At his whim, Pytka has hired and fired chefs, who have trailed behind them both bad and great reviews. On Monday, Bastide's crew arrived to find the monogrammed blue doors closed, the restaurant inexplicably shuttered just weeks after a 3 1/2 -star review in the Los Angeles Times.
"We were called into [Pytka's production] office and told that the restaurant's closed, that Joe wants to reconceive," said sommelier Pieter Verheyde, who has been at Bastide since 2007. "We were kind of surprised."
The staff was told that Pytka would give them details upon his return.
Neither Pytka nor executive chef Paul Shoemaker could be reached for comment.
There was mixed reaction to the news Tuesday. Some were as surprised as Verheyde, while others saw several recent changes at the restaurant as foretelling. Shoemaker took the helm this summer and added a la carte dishes (previously only tasting menus were offered); the restaurant opened for lunch, but that lasted for only a little more than a month; design changes were ongoing. Last month, a new wine bar was installed in a corner of the restaurant's garden.
Longtime sous chef Sydney C. Hunter III, who had worked at the restaurant since 2002, left shortly after Shoemaker was installed and is now sous chef at recently opened Riva in Santa Monica.
"I've been through all the chefs there," Hunter said. "I was surprised that [Pytka] would do something like that. He seemed really happy to have Paul [Shoemaker] there."
Whether Shoemaker stays on as chef remains to be seen.
"It is what it is," Verheyde said. "I have no regrets, because we've been able -- with Joe's means -- to create something original."
As for now, "the door is locked," confirmed Pytka's publicist Joan Luther, who repeated the term Verheyde had used: "[Pytka] has an idea to reconceive," Luther said. Calls to Pytka's office referred the matter to Luther.
Bastide has a well-documented history of chef-shuffling, of sudden turns and shifts in direction, and of abrupt closings. It is on its fourth head chef in less than six years, including the year and a half when it was closed.
Pytka spent a reported $3.5 million to open Bastide at the end of 2002, with chef Alain Giraud at the helm. Under Giraud, Bastide earned an unprecedented four stars from Los Angeles Times restaurant critic S. Irene Virbila.
But less than two years later, Pytka let Giraud go, replacing the Paris-born chef (now chef-owner of the Santa Monica brasserie Anisette) with Ludovic Lefebvre, formerly of L'Orangerie.
Lefebvre didn't make it to the two-year mark either. After unfavorable reviews for his avant-garde cuisine (one star from Virbila), Pytka and Lefebvre parted ways.
Pytka then shut down his restaurant -- designers and chefs came and went presenting their ideas while Pytka searched for the magic formula for the restaurant, but the dining public was not invited.

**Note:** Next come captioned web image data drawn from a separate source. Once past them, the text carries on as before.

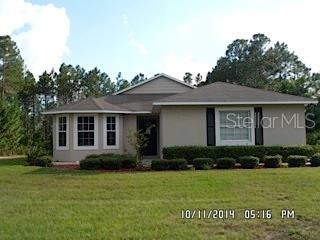 ROYAL TRAILS UNIT 01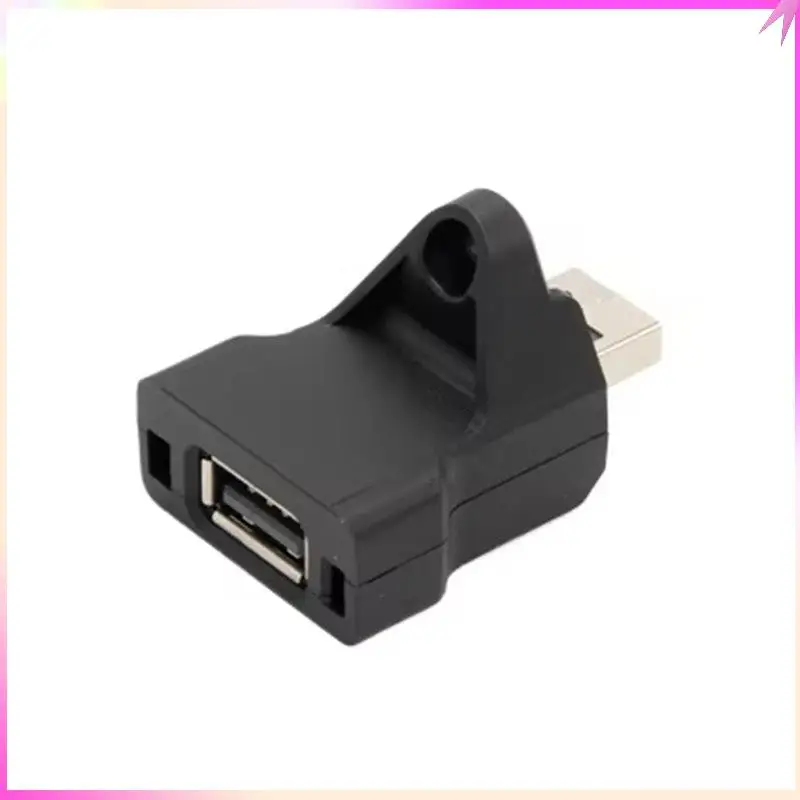 b68c-dji-t60-t70-t70p-t100-t25p-互換農業用ドローンマッシュルームヘッド-rtk-アダプターモジュール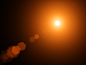 lens-flare-10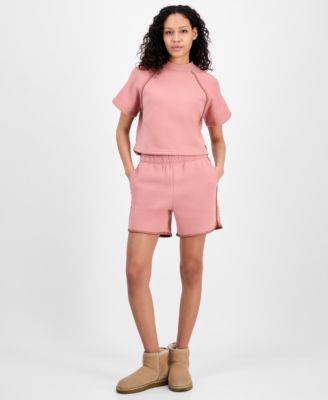 UGG® - Women's Pull-On Classic Shorts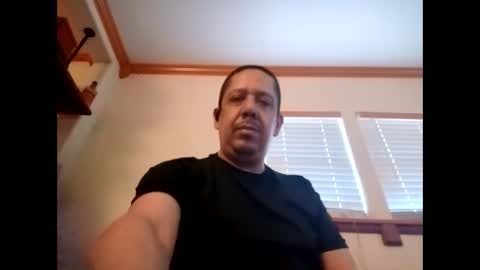 lilsancho409 online show from March 24, 2026, 11:32 pm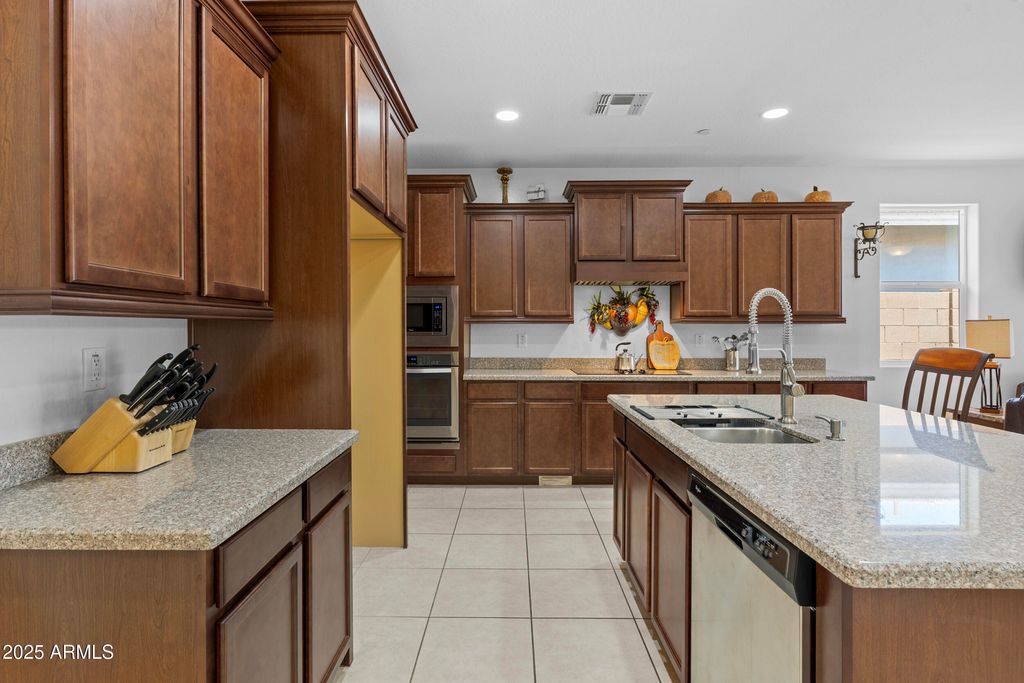 30855 N 138TH Avenue, Peoria, AZ 85383 — photo 3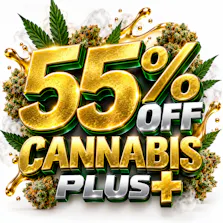 Cannabis Plus - Oceanside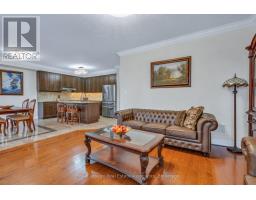 Kitchen - 26 Silver Pond Drive, Halton Hills, ON L7G0G6 Photo 6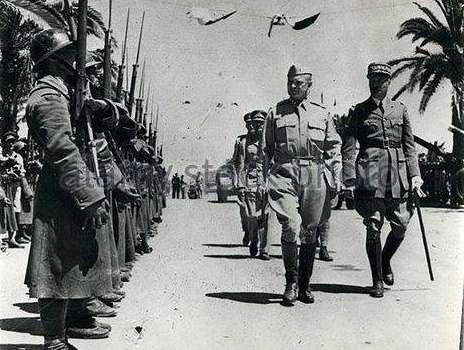 1535679742937795.png image.png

For a year and a half, Angelenos waited.
Then in July of last year, Bastide finally reopened, with a new design, a new menu and a new chef. Walter Manzke, who came down from Carmel with his wife, Marge, Bastide's new pastry chef, drew an appreciative audience and three stars -- before he quit this last May.
To fill Manzke's place, Pytka tapped Shoemaker, previously chef de cuisine at Providence. It seemed a good fit, and Bastide ascended to 3 1/2 stars on his watch. Four chefs, and it looked like a return to the realm of four stars, or at least pretty close.
Wrote Virbila in her review: "As Pytka conceives it, Bastide is not simply a place to eat; it's an ongoing experiment in the restaurant as performance art. It's also possibly the most civilized place to dine in Los Angeles."
That was less than a month ago. Now the staff is cooling its heels, waiting until Pytka gets off a plane to learn if this is to be a short hiatus -- or a very long Thanksgiving vacation.
"Reconception," especially as employed by a man such as Joe Pytka, is a very relative term.
Scattergood is a Times staff writer.